Primary companies are purchasing less reinsurance despite the fact that prices have declined significantly and we are currently in a ‘soft’ market.
Generally you would think that purchasing reinsurance represented inelastic demand in that primary companies need to purchase reinsurance In order to mitigate risk. When prices decline in a soft market you would expect primary companies to increase their purchases of lower cost reinsurance. Instead the exact opposite is occurring. The reason for this counterintuitive development is historically low interest rates. To offset the decline in their investment income primary companies are taking on greater risk rather than shedding risk in an attractive soft market.
Consolidation in the industry has led to the creation of several giant reinsurance companies but this has created amazing opportunities for smaller companies.
Historically, purchasers of reinsurance like to spread their reinsurance agreements over several counterparties so that the decision of one company or another to leave the market would not hurt them. Lloyd’s has always been composed of numerous smaller individual syndicates, each of whom took a piece of a risk thereby spreading the counterparty exposure. Today Lloyd’s is represented by several larger members as well as numerous smaller ones.
For example, one of its members, following a merger, now accounts for 9 percent of the entire market. This wave of consolidations has led to greater opportunities for smaller non-Lloyd’s companies to take pieces of the reinsurance business, thereby spreading the counterparty risk—certainly a ‘counterintuitive’ development. Normally you would think that more business would go to the larger companies
"Publicly traded hedge fund reinsurer shares wound up at the bottom of the pack of publicly traded reinsurers, while numerous conventional companies hit new highs."
Publicly traded reinsurance shares are outperforming the broad equity market despite low interest rates and declining premium levels.
Reinsurance companies earn income from two sources: invested assets and profits from risk assumption. Both of these sectors are currently at rates somewhat below previous levels. Interest rates are at their lowest levels since 1947, while reinsurance premium rates are also at relatively low levels (the soft market).
Now let’s look at some facts. Since year-end 2013 the S&P 500 stock index rose 13.8 percent, while the S&P Reinsurance Subindustry index rose 21.1 percent. From year-end 2014 to date (August 2015) the S&P 500 index rose 2.2 percent while the S&P Reinsurance index rose 9.3 percent. I think you would have to list this performance as very favourable but again, counterintuitive.
Hedge fund reinsurers (as well as many hedge fund managed investment portfolios) have significantly underperformed the equity market.

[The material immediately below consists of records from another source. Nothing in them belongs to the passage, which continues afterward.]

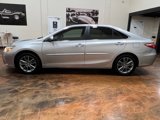 Used 2017 Toyota Camry SE image 6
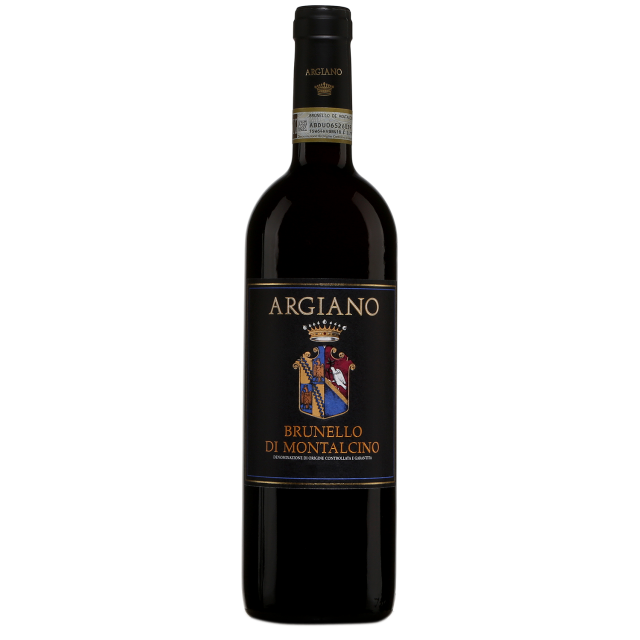 Argiano Brunello di Montalcino Red Wine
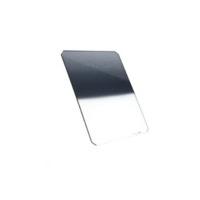 formatt hitech 67x80mm reverse graduated filter 09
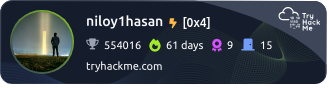 TryHackMe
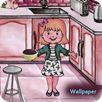 My Playhome Plus Wallpaper APK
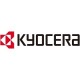 KYOCERA BF-720 BOOKLET FOLDING UNIT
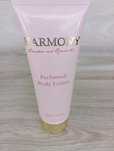 Perfumowany balsam do ciała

The concept of the hedge fund reinsurer was to write low risk reinsurance, generate additional investment assets beyond surplus and manage those assets for a premium return, thereby generating double digit returns on equity. The next step was to go public, with the shares priced at a high premium to book value. Great idea, but as of July 31, 2015 the publicly traded hedge fund reinsurer shares wound up at the bottom of the pack of publicly traded reinsurers, while numerous conventional companies hit new highs through mergers and other forms of consolidation.
Since year-end 2013 two publicly traded hedge fund reinsurers declined 20.9 percent and 22.9 percent respectively, while as mentioned above the S&P Reinsurance Subindustry index rose 21.1 percent. Counterintuitive indeed.